Pourquoi l'Ukraine est le royaume de la désinformation ?
A la base il y a vingt ans, je militais dans les milieux libertaires dans la sphère de la CNT. Par la suite, au sein d’une association de jeux d’histoire, j’ai eu la chance autour d’une passion commune d’être en relation avec des adhérents de différents partis, il y avait le président des jeunesses RPR de Bourgogne, des socialistes militants, des apolitiques et même des frontistes et même des monarchistes. J’ai appris à leur contact à écouter et à respecter les opinions et ce fut une chance. J’ai toujours regretté de voir la société française parsemées de fossés entre les citoyens français et cette expérience m’a beaucoup marqué. Je n’ai jamais fermé la porte au dialogue, cultivant les rapports humains. Plus tard, j’ai écrit pour Palestine Solidarité en ayant des contacts avec Dreuz Infos. J’ai pris des positions fortes contre l’extrême droite, l’extrême gauche (dont je venais), comprenant l’intolérance générée par ceux qui m’entouraient au départ. J’ai un fond d’origine juive, j’ai toujours gardé à cœur la lutte contre le négationnisme et le racisme, cause qui m’importe beaucoup. J’ai pris des positions fortes par exemple contre Dieudonné et regarde la mouvance Soral d’un mauvais œil, même si (rires) mes articles ont été régulièrement « volés » et publiés sans mon autorisation chez Egalité et Réconciliation ou encore par la radio d’Etat iranienne Irib (et par tant d’autres !). Dans les méandres des médias et de la toile, des gens malintentionnés m’étiquettent régulièrement comme « facho », ce qui me fait rire vu mes origines, mes neveux sont aussi métis et j’ai toujours eu des amis de toutes les origines ethniques. J’ai finalement trouvé ma place à l’UPR de François Asselineau, avec qui par ailleurs je ne suis pas toujours d’accord. J’aime beaucoup des penseurs comme Etienne Chouard ou encore Pierre Hillard. Alors pour le livre sur l’Ukraine, étant russophone, ayant été en Russie (où je vis) et en Ukraine (ainsi qu’en Moldavie), je me suis dit que je devais écrire ce livre pour réinformer et pour combattre le régime du fascisme minimum de Porochenko. Un retour au combat originel contre les bruns.
Que vont apprendre les lecteurs ?
C’est un livre d’histoire, je présente le cheminement historique de l’Ukraine, de la Russie et même en fait de la Pologne et plus largement de l’Europe de l’Est en partant du Xe siècle jusqu’à nos jours. Un citoyen lambda qui ne connaît pas l’histoire de la région ne peut comprendre la situation présente et se trouve désinformé par les propagandes des deux camps. Il est alors sans les connaissances nécessaires une victime malléable à toutes les manipulations et les faux combats et diverses arguties avancés dans nos médias de masse.

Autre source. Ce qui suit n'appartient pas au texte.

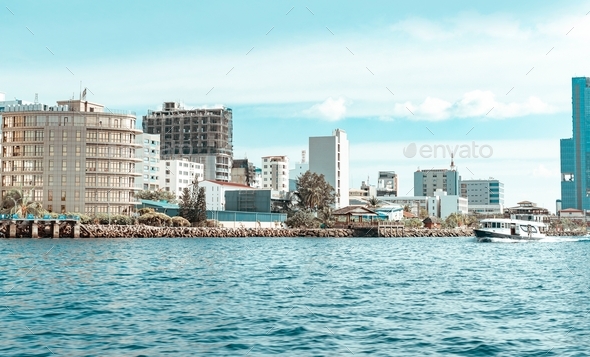 sea view of Male city of the capital of the Maldives and skyscrapers, transfer from the airport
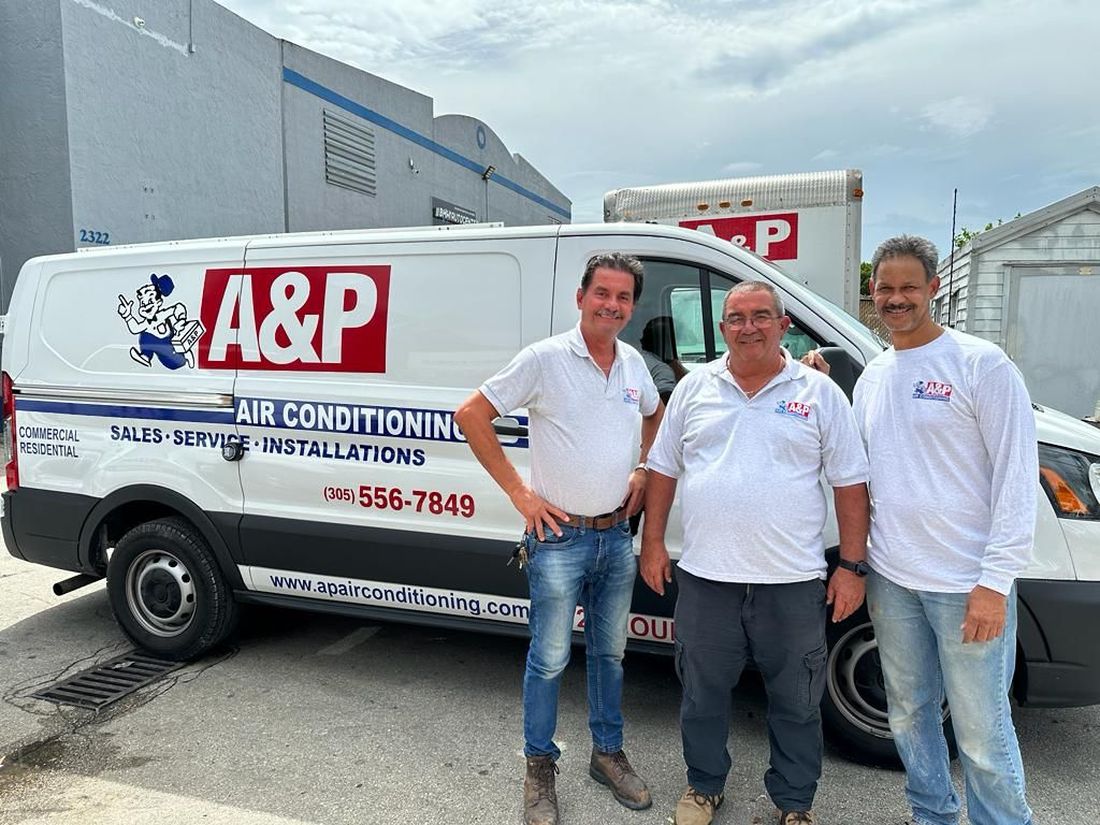 Carlos Simon, Elio Pichardo and Rudy Cornielis — 20+ years with A&P Air Conditioning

Nous sommes vraiment si désinformés ?
Tellement que comme je l’ai écrit dans un article sur l’engagement du Parti socialiste (cf l’ineffable Quentin Guillemain) ou sur celui d’Hervé Maurey de l’UDI, des gens au parcours nous dirons politiquement respectable se fourvoient avec l’Ukraine brune de Porochenko et de ses soutiens des partis néonazis du Pravy Sektor et de Svoboda. Un comble ! Cette désinformation touche l’Ukraine particulièrement au vu des enjeux internationaux et me touche aussi. Dernièrement on me prêtait le poste de « chef de Sputnik », ou encore « de créateur de TV liberté », je n’ai été ni l’un ni l’autre (je ne connaissais même pas le deuxième média !), c’est aujourd’hui hélas à mon modeste niveau jusqu’au sommet le quotidien de la situation en Ukraine, le commun de chacun. Une désinformation massive règne dans notre pays, en Europe et dans le Monde générée artificiellement sur le mode du « téléphone arabe » ou intentionnellement à des fins plus ou moins pendables.
Votre avis sur la politique française vis à vis de l'Ukraine ?

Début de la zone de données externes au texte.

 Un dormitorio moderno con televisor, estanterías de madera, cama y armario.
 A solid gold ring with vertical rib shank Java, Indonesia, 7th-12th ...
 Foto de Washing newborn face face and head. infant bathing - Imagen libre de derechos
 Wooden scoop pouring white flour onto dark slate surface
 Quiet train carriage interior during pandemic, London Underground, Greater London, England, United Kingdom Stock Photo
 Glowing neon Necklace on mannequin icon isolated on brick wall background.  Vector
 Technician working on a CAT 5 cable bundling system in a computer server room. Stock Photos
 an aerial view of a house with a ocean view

Totalement irresponsable, contraire à nos intérêts et supportant même une frange ukrainienne nationaliste néonazie extrêmement dangereuse. Elle promeut également une russophobie ambiante et une haine de l’autre condamnable ainsi que la banalisation des idéaux bandéristes en Europe en les vulgarisant et en brouillant les pistes. Nous avions vu cela durant la collaboration en France durant l’occupation allemande, avec des pacifistes comme Robert Jospin, des radicaux socialistes comme Pierre Laval et René Bousquet et d’autres comme Déat ou Doriot, tous hommes de gauche finir par faire allégeance à l’Ordre Noir. C’est d’ailleurs le titre du dictionnaire que j’écris en ce moment et qui aura pour thème l’Ordre Noir fasciste et nazi du IIIe Reich à celui du IVe Reich, notre Union européenne présentée comme un paradis démocratique. En réalité les voyants sont tous au rouge, en Europe et en France, et l’Ukraine démontre que sa complexité incomprise chez nous peut avoir des conséquences sur notre société et notre pays.

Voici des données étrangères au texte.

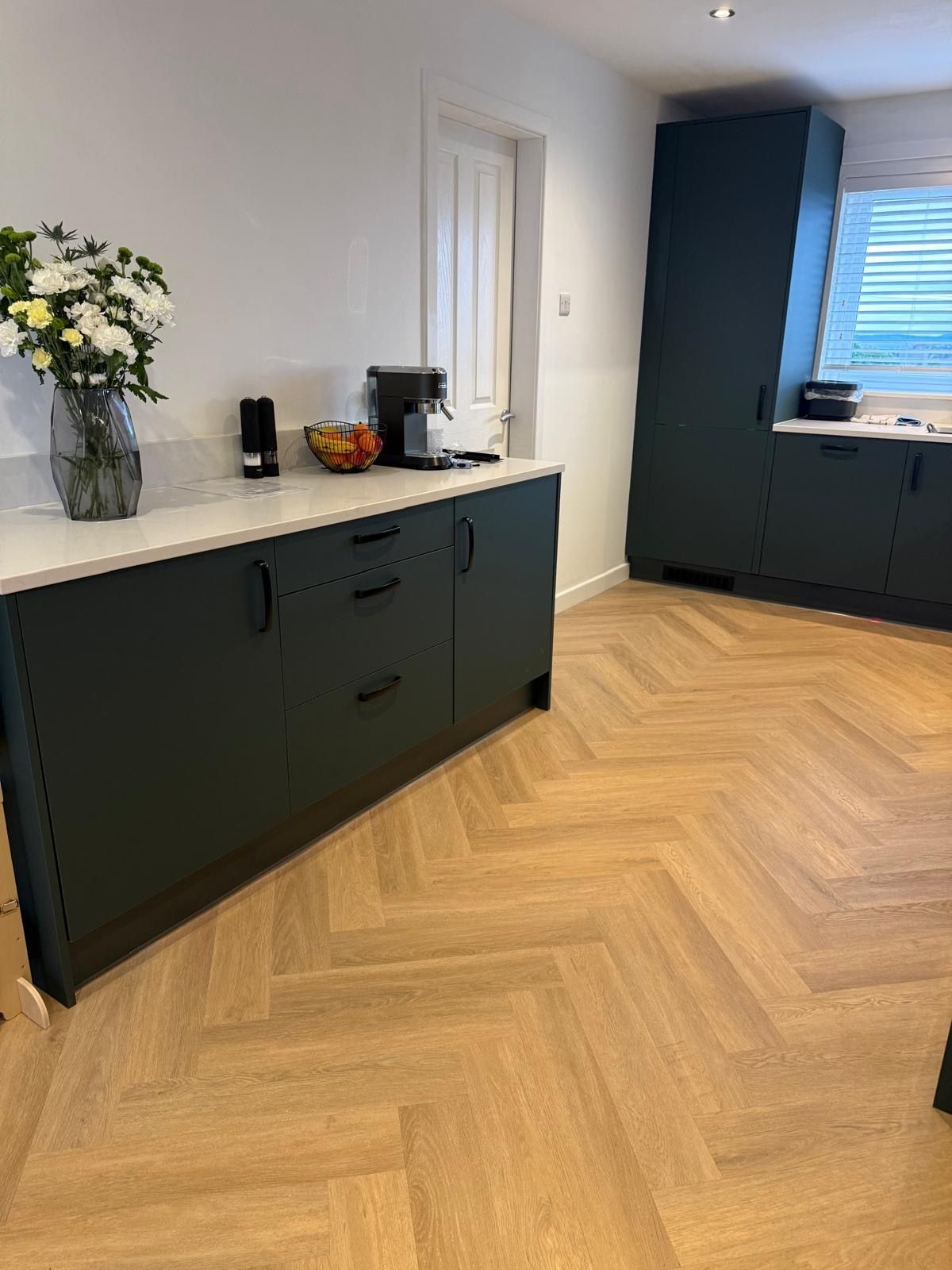 Herringbone vinyl flooring continuing from the kitchen through the downstairs area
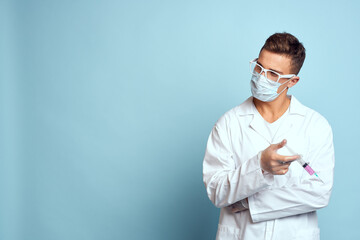 Doctor holds a syringe in his hand with a red liquid on a blue background medical gown and a protective mask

Comment vois-tu l'avenir de l'Ukraine ?
Un avenir radieux à partir du moment où l’Ukraine brune aura été mise en minorité mais je ne rêve pas. Plutôt un avenir séparé, trop de sang déjà, rappelons le russophone crucifié et brûlé vif, il y a quelques jours par le bataillon Azov dans le Donbass, sans compter les milliers de civils et de soldats morts. Dans la culture slave, la mémoire n’est pas un vain mot, rien ne sera oublié et je ne vois pas comment faire cohabiter le gaz et le feu dans un même creuset. Tout passera par de vraies négociations, avec les russophones de l’Est de l’Ukraine et sans pression internationale étrangère d’Outre Atlantique ou d’au-delà du Niémen.
Pourquoi la population française devrait avoir un autre regard sur ses médias et sur la Russie ?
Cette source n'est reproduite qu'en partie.